Cult of the Machine

The “Cult of the Machine” at San Francisco’s DeYoung Museum spotlighted American artists’ fascination with the industrial boom roughly between the World Wars, when machines equaled progress and the future and, therefore, became a new vocabulary for the decorative and visual arts. I was hooked immediately by Morton Livingston Schamberg’s nonsense machines, precisely drawn and vividly colored, almost living objects that recalled some of Marcel Duchamp’s fantasies. Theodore Roszak did the same in sculpture, and the early section was capped by two works from the wondrous Gerald Murphy, reason enough in themselves to see the show.
Next came industrial landscapes, and I was struck by the realization that every museum of American art must have a Charles Sheeler to be complete. He is the Precisionist par excellence, and, more than anyone, stands for this era, with works that bridge Surrealism and Photorealism. The absence of human presence makes the chimney, the silo, the empty room come alive; his composition is clean, his line is pure, his colors bold and his light, in the best works, is brilliant. The interplay with his own photography is a bonus. Ralston Crawford is a poor-man’s Sheeler, but his Overseas Highway, from a private collection, was a standout; and Edmund Lewandowski, the third of this trio, also showed well.
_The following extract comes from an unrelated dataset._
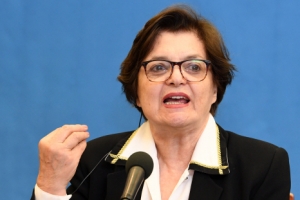 “솔직한 이야기로 새 세상 상상하게 하는 것이 내 역할”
It was fun, as always, to see two friends from Mia – Georgia O’Keeffe’s City Lights and Paul Frankl’s Skyscraper bookcase – plus a few works from the Myron Kunin Collection. The show petered out in its later galleries – does Reginald Marsh really fit here? – and it seemed to undercut its own point when it finished with a room of barns, painted by the same artists. Where did the machines go?